Victoria Van Bret is a tyrannical heiress and a cruel matriarch. She views her servants as mere furnishings in the house. She even goes as far as locking up her brother’s fiancée Anne in the hidden vault behind the living room wall.
It’s not easy bringing to life a bizarre family from 100 years ago, but the actors at the Scarborough Theatre Guild pulled off an amazing production of Elizabeth McFadden’s Double Door, which ran March 3-19 at the Scarborough Village Theatre.
Their persuasive acting offered a glimpse of the troubled lives of a notoriously rich family from the early 20th century.
The fictional Van Bret family is based on the Wendel family, one of the richest families in New York City at the time.
The Wendel’s were as eccentric as they were rich. Isolated from society, they lived hidden in their stone townhouse in the city’s centre. The tyrannical older brother ruled over the six sisters and strongly disapproved of marriage.
Though one sister did marry at the age of 61, none of them had any children. When the last sister died in 1931, the family fortune was given to charity.
Set in New York City in 1910, Double Door conveys the gossip that filled the era’s tabloids about the strange Wendels.
Ruth Smith transformed herself completely as Victoria in the play. Her speech, through raising her voice and emphasizing certain words, and her mannerisms evoked the early 20th century.
“I think for all of us the language was quite challenging,” Smith said. “It’s the kind of semi-formal sort of language. It’s hard to get your mouth around sometimes. But to try to make that language come to life, that was really challenging.”
Victoria is vicious, manipulative and driven by money. In the end, she takes out the pearls she’s been hiding from Anne, their rightful owner, and breaks into a loud, wailing cry of defeat while fondling them.
“I had a difficult role,” Smith said. “I’ve never done a role like this, so it was a real stretch for me.
“These people [the Van Bret family] have enormous needs and wants: they’re bigger and more important than common everyday [needs].”
Smith, who has over 46 years of experience in theatre, said to play the role, she had to understand how strong those wants were and to what lengths her character would go to get what she wanted.
“That was hard because I have never personally struggled like that in my life,” Smith laughed. “I’ve had an extremely easy life.”
But if there’s one character that carried life into the story, it’s the younger sister, Caroline, played by Ida Jagaric. Through Jagaric’s smile, audiences got to know the blithe, cheerful Caroline who seeps positivity.
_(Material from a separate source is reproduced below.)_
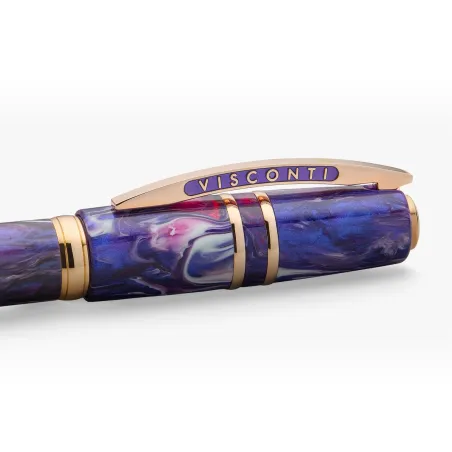 Stylo Roller VISCONTI - Homo Sapiens Earth Origin Aether - Édition Limitée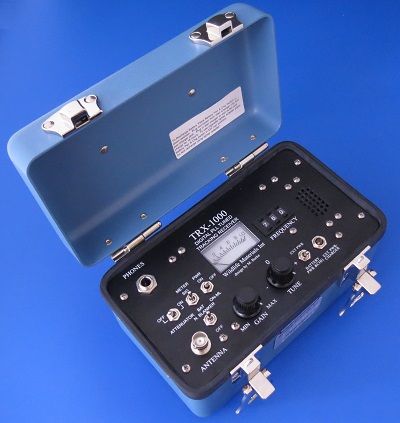 VHF tracking Receiver RX-1M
Despite being in her 40s, Caroline often shows her peculiar childish frightfulness. In one scene, she suddenly starts panicking and hyperventilating, thinking Victoria will lock her up in the secret, dark vault as punishment. Charismatic comedic reliefs were well-played by Jagaric.
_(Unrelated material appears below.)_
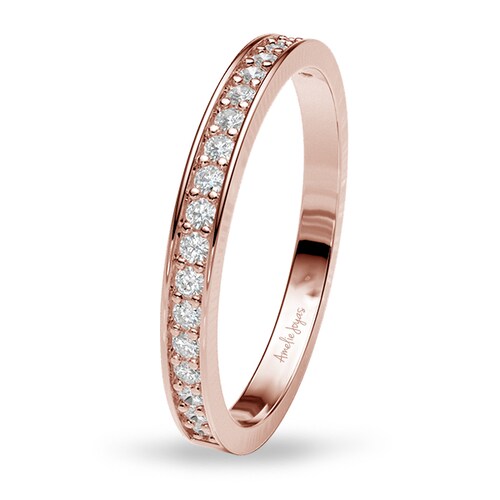  Churumbela en Oro Rosa de 14K Amelie Joyas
Every detail brought the high-class family to life, including the living room set. Crystal doorknobs, oval portraits with golden decorated rims, and the rope hanging from the ceiling that Victoria pulls to call the servants all illustrated their exquisite way of life.
The costumes were attractive: white lace and high-waisted skirts for the ladies, suits and golden pocket watches for the men.
Double Door was captivating from beginning to end.
Those who didn’t get a chance to see Double Door can look forward to Scarborough Theatre Guild’s next production, Shakespeare’s Much Ado about Nothing, which starts March 31.